Wouldn’t it be great if all you had to do was change your name to Susan? The truth is that all of these women began their careers in another time, a time when straight contemporary was an easy sell. Since then they’ve built a strong readership that buys every book they write.
A market doesn’t go stagnant or dead or kaput or whatever word we’re using these days because no one, ever, anywhere isn’t reading it; it becomes that way because it gets flooded. When a market is hot, like paranormal romance is now, editors buy everything they can get their hands on and it isn’t long before there are too many books and too many authors for the readers. It’s simple supply and demand. The readers get tired of being inundated, the cream rises to the top, a few stars remain, and it suddenly becomes a market that’s called dead. It’s called dead because the numbers slow. Why do the numbers slow? There are too many books. Is it really dead? No way, it’s just more challenging. Editors are no longer needing to fill lists with contemporary romance, they already have what they need. So to break into it now you’re going to have to work a little harder than you would have had you hit it when things were hot. You’re going to have to write a better book and you’re going to have to make it different and exciting. You’re going to have to give it some kind of hook.
You also need to realize when looking at so-called dead markets that you can’t compare what editors are buying to what’s on the bestseller lists. Once authors consistently hit bestseller lists they are no longer connected with a genre or sub-genre. They are a genre onto themselves. Stephen King is a perfect example. He doesn’t write horror. He writes Stephen King.
So remember this, dear writers. Dead is never dead. The readers, they will come. Dead just means challenging.
So what is hot NOW.
And I'm not asking because I want to write about that subject. I'm just curious.
What subjects are on editors list that are not being filled. And if you get a submission you know it'll sell easier.
Do you think the paranormal/urban fantasy trend will "die" soon? As one of the readers who never liked this trend, I am eagerly waiting for other sub-genres to get an upswing. Fantasy-romance (i.e. fantasy in a non-contemporary setting with strong romance elements) would be my dream...
I think another lesson to be learn is once we do published to work our butts off building our own readership that will carry us beyond the trends!
Count me as a reader who if she sees one more vampire on the cover of a book she might just... well, I don't know what I'm going to do I just know I'm so sick of vampires!!!
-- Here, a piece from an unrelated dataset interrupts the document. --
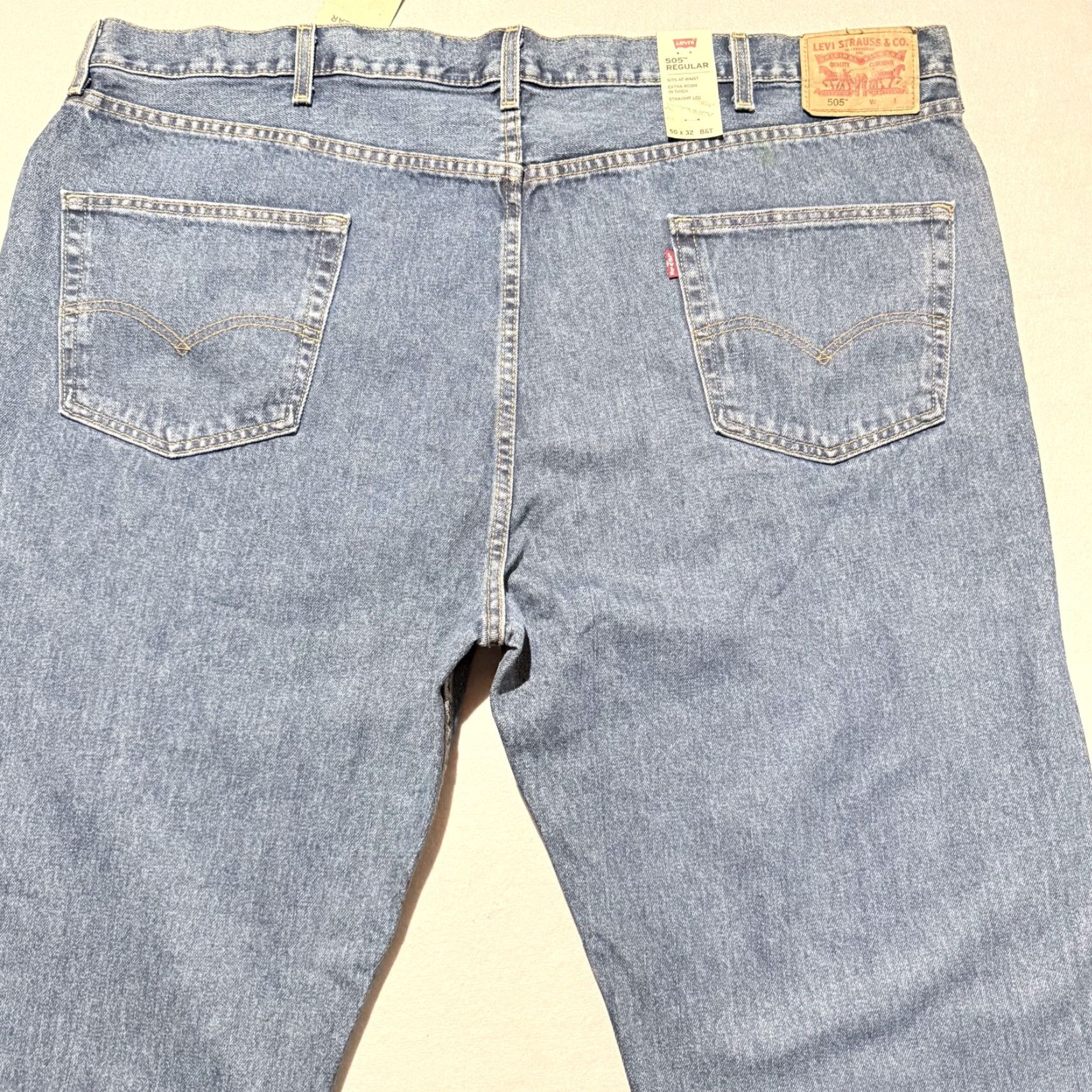 Levi's VINTAGE Levi's Jeans Men Blue Levi's 550 Jeans Men Blue Denim Stretch Classic Straight Zip Fly 50x32 NWT Size US 34 / EU 50 - 4 Thumbnail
Funny vampires, sad vampires, sexy vampire, erotic vampires, moody vampires.
How about some regular men. How about that?
As for what's next... we'll see, but I bet there's a shift away from the dark. It's time to pull back the curtains and let some light in.
That should take care of those vampires.
With the time necessary to get a book from first draft to a finished book on the bookseller's bookshelf, you should be asking what's hot in a year or two. Because what's how NOW will be flooded by then.
Selene, you should check out C.L. Wilson. She's got a big high fantasy-romance series coming out this fall called TAIREN SOUL. Sold at auction and everything.
The lesson here is to write what you love, and not what's trendy.
That's why I wrote a novel about an orphaned teenager being raised in a school for wizards who falls in love with a vampire, then travels through time while giving out diet advice.
I also manage to work a cat and a number into the title of each installment, if you're interested.
When you want to ask a question, it's conventional to use question marks.
reid- if you ever write/publish the books you mention in comments, I'm so getting in the front of the line. Or begging review copies.
Thanks for the response. As I said I am just curious to find out. I do not intend to change my writing style or subject because of what's hot today. You are right; trends die.
Thanks! I'm always on the lookout for good novels. I will definitely check them out.